A Darker Kind Of Salvation
posted on 12/2008 By:
Closer is..... just that. Closer to Soilwork and The Haunted than Soilwork and The Haunted got to Soilwork and The Haunted on Sworn To A Great Divide and Versus, respectively.
With a glossed-over studio polish and haircuts that look like actual haircuts, telling you that Closer seem to pull in alot of In Flames comparisons probably wouldn't help its chances of being heard by you. But for starters, the In Flames comparisons are a bit misleading. Closer is much more akin to the likes of the other two names that I dropped too many times up above. Adding insult to injury, they are often downplayed as conventional copycats. This is also untrue. Salvation is a conventional copy-fucking-lion; it does not swallow the earth whole. It sticks fast to a blueprint, takes the specs, and builds a helluva foundation.

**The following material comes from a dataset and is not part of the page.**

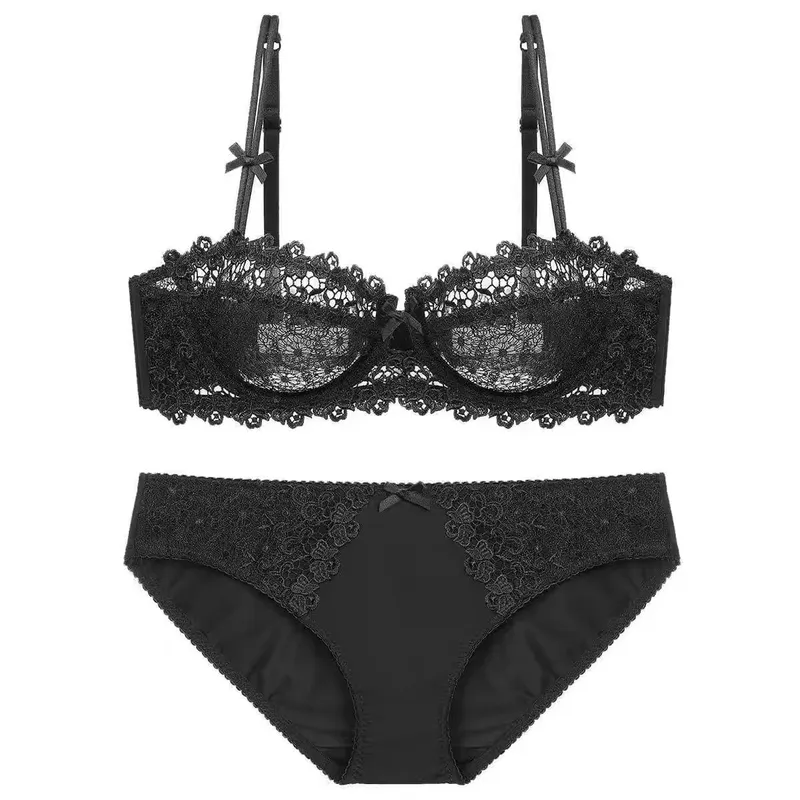 Conjunto de sujetador de encaje europeo, media copa semitransparente ultrafina, sujetadores Pure Desire para pecho pequeño, ropa interior cómoda antiflacidez — image 10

The production for instance. This sounds like it was produced by Johnny Paycheck. Crisp, crisp, crisp. This goes over spectacularly when all five musicians have extremely fluid mannerisms and you want their devices all up in your face, like clearly all up in it, and this is that situation. The guitar picking flicks your ears, the bass gives you the bubble-guts, the drumsticks leave open sores (listen to that snare), and the vocals hold steady. It's so crystal that I could hear a pin drop in the midst of madness, and I happen to like it that way. Fitting. The sound of this album was half of the battle, won.

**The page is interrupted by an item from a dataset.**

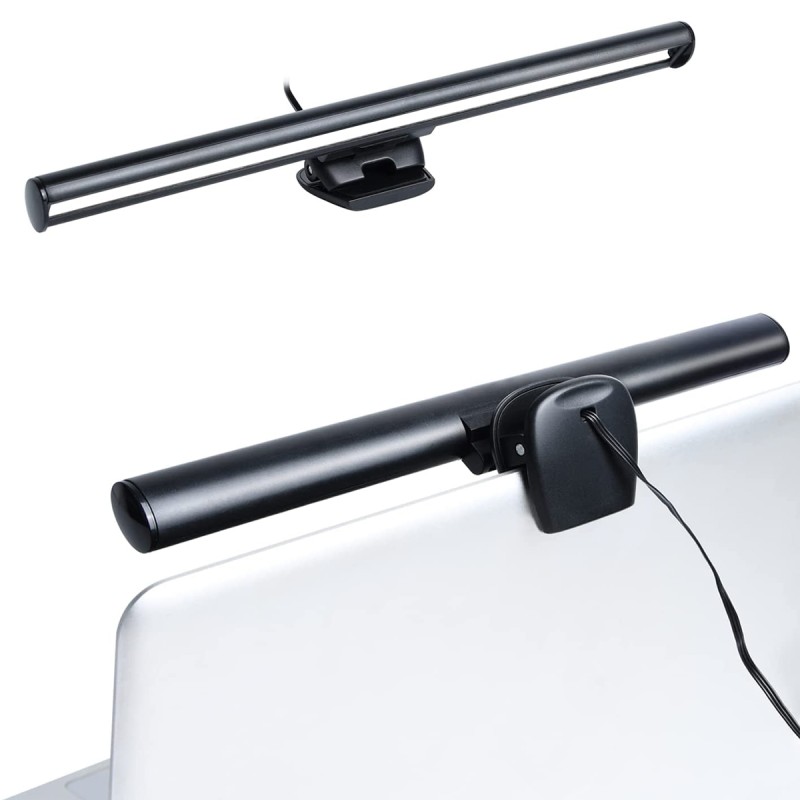 GloboStar® 76552 E-READING LIGHT Φωτιστικό Οθόνης με Χειριστήριο LED 5W 565lm 120° AC 5V IP20 CCT Θερμό Λευκό 2700K - Φυσικό Λευκό 4500K - Ψυχρό Λευκό 6000K Dimmable Μαύρο Πλαστικό Μ26 x Π4.5 x Υ4.5cm - 2 Xρόνια Εγγύηση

Most of Salvation's writing puts the real copycats to bed, tucks them in, and turns their lights off. The forward-thinking modern melodic riffing inside of songs "Chaos Internal," "A Darker Kind Of Salvation," and "Places Of Pain," and the soaring chorus tsunamis (plus some extremely tasteful guitar soloing) in "It Dwells In Darkness," and again the title track, confirm that the Swedes continue to write the book. There's a playfulness that talented guitarists Per and Jonas use in their fretting that somehow one-ups what we're accustomed to hearing inside of the Gothen-box. It's called the power of restraint; how awfully close can you get to a cliche, turn on a dime, graze it, but mostly avoid it. It's a fun ride. Of course with daredevilry, comes a stumble and a fall every once in awhile, as this collection is a couple of songs short of being that blinding ray of light that I almost completely made it out to be.
At this point, Closer are their own worst enemy, and that's not a bad position to be in.